Tuesday, December 19, 2017

Things RC Taught Me: Jesus Calms the Tempest (modified)

I once heard R.C. Sproul discuss this passage:
35 On the same day, when evening had come, He said to them, “Let us cross over to the other side.” 36 Now when they had left the multitude, they took Him along in the boat as He was. And other little boats were also with Him. 37 And a great windstorm arose, and the waves beat into the boat, so that it was already filling. 38 But He was in the stern, asleep on a pillow. And they awoke Him and said to Him, “Teacher, do You not care that we are perishing?” 39 Then He arose and rebuked the wind, and said to the sea, “Peace, be still!” And the wind ceased and there was a great calm. (Mark 4:25-39)
I'll paraphrase what he taught me.

If you travel much in certain circles (make sure you have a thick skin and a cast iron stomach), you'll know that there is much speculation among atheists about why people are religious. A common speculation from atheologians is that we have a fear of our mortality, and especially a deep seated fear of the uncontrollable, unpredictable, undiscriminating and potentially lethal natural disaster. Floods, hurricanes, droughts—these things terrify us, so we invent religion to give us a sense of security. As long as we behave, our gods can control these things. Therefore we control them with our behavior, and if they still come it's our fault, not random bad luck.

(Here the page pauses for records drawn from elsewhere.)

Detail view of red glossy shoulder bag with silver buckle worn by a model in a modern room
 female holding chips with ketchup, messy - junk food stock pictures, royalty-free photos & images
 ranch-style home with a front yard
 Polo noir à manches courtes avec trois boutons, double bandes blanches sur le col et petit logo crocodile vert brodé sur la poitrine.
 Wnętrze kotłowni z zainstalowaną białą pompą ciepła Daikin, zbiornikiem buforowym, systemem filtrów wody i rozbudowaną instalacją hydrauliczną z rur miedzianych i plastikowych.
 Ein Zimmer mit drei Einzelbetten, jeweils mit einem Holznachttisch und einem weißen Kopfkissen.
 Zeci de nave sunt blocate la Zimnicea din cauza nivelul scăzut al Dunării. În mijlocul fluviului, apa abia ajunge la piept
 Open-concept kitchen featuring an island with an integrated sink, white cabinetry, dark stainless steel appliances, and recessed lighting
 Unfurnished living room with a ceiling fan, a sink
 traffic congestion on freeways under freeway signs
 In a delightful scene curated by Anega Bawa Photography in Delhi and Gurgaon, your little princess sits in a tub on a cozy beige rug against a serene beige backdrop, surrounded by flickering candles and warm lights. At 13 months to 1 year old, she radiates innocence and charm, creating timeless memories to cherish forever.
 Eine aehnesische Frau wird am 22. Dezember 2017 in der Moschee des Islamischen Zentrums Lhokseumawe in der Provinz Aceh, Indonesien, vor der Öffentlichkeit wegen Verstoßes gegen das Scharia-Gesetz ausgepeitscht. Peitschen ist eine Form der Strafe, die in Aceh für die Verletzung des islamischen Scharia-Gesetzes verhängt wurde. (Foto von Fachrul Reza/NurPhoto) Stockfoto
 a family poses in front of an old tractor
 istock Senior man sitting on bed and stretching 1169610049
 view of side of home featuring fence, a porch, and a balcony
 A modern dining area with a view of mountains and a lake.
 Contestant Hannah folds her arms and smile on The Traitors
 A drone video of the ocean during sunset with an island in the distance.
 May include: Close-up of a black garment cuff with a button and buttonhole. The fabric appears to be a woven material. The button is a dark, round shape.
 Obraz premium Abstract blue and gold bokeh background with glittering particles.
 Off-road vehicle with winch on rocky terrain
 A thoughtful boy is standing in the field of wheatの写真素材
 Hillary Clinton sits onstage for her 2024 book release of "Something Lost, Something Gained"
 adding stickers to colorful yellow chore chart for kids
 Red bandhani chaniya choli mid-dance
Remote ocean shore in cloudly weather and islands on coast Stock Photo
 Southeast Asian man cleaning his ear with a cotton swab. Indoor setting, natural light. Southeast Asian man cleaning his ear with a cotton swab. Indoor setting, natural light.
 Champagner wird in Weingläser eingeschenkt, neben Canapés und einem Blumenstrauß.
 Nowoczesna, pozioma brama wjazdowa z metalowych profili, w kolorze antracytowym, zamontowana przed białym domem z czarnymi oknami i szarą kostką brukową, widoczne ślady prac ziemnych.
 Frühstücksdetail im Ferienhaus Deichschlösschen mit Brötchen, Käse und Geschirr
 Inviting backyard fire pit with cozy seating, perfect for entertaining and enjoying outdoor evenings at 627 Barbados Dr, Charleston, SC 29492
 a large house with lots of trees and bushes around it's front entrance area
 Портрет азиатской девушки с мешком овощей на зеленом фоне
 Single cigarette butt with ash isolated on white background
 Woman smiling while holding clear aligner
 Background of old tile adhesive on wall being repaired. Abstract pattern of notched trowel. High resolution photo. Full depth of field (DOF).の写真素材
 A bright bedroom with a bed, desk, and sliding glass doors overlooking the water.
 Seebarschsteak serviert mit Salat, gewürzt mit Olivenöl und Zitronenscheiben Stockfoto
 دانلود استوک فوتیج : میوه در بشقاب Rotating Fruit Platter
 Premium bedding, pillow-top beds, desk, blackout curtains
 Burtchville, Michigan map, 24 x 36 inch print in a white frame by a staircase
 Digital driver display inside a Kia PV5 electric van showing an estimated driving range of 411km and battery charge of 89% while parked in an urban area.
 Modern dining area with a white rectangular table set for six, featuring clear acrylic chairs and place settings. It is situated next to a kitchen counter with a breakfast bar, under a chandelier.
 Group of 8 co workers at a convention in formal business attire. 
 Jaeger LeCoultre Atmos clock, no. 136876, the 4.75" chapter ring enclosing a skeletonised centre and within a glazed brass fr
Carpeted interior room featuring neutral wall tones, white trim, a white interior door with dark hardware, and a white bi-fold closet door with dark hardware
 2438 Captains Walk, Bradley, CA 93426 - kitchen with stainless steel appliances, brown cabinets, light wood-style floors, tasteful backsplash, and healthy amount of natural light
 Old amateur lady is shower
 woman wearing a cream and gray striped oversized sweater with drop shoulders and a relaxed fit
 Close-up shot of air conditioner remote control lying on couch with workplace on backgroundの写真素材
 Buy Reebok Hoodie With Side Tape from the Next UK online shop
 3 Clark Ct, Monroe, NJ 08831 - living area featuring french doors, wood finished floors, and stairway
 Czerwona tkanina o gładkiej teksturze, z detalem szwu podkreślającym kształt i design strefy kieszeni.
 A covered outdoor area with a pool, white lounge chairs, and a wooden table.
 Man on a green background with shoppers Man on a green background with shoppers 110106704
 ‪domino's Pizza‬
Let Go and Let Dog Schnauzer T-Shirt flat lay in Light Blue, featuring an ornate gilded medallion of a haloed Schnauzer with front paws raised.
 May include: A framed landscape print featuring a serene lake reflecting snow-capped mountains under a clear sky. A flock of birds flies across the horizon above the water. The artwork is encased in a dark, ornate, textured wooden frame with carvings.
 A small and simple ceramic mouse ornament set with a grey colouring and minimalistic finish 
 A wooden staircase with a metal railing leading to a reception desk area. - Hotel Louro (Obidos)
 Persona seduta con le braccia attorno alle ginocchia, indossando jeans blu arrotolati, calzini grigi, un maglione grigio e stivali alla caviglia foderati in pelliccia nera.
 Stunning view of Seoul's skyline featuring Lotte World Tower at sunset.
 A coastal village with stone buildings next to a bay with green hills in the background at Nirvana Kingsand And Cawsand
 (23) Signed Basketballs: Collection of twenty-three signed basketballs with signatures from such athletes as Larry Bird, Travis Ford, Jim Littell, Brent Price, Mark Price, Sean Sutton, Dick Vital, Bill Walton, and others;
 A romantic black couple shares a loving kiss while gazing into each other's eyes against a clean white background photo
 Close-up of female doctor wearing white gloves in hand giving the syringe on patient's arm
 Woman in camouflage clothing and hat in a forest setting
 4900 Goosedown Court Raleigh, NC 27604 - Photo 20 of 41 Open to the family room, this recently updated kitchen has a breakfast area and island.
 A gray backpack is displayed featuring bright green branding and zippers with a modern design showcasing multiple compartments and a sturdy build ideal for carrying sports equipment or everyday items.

The passage above fits perfectly. A storm arise from nowhere. Even seasoned professional fishermen are terrified, fearing a capsizing wave that meant a cruel death. Jesus sleeps. They wake the master, and he calms the wind and the seas.

This is good. It makes sense. We are afraid of death by capricious nature, and this man, this God-man, can save us. Their response fits this theory perfectly: they got on their knees in gratitude of the one who saved them, deliriously happy that in Jesus they never again had to fear the elements.

If fits—except for the fact that I lied. That should have been the response if the atheist's theory of why we seek religion is correct. The actual response doesn't fit the theory at all:
40 But He said to them, “Why are you so fearful? How is it that you have no faith?” 41 And they feared exceedingly, and said to one another, “Who can this be, that even the wind and the sea obey Him!” (Mark 4:40-41)
The disciples were not happy at all. They were terrified. They were more afraid after they had been saved than before. As with other encounters in both the Old Testament and New Testament, they had comes across something that was different. Something that was set apart. Something that was alien. Something that was unnatural, Something, because it is so unlike us, so starkly other, we actually despise it and fear it in our xenophobia. It was God's holiness.

I learned that, and much more, from the teachings of R. C. Sproul.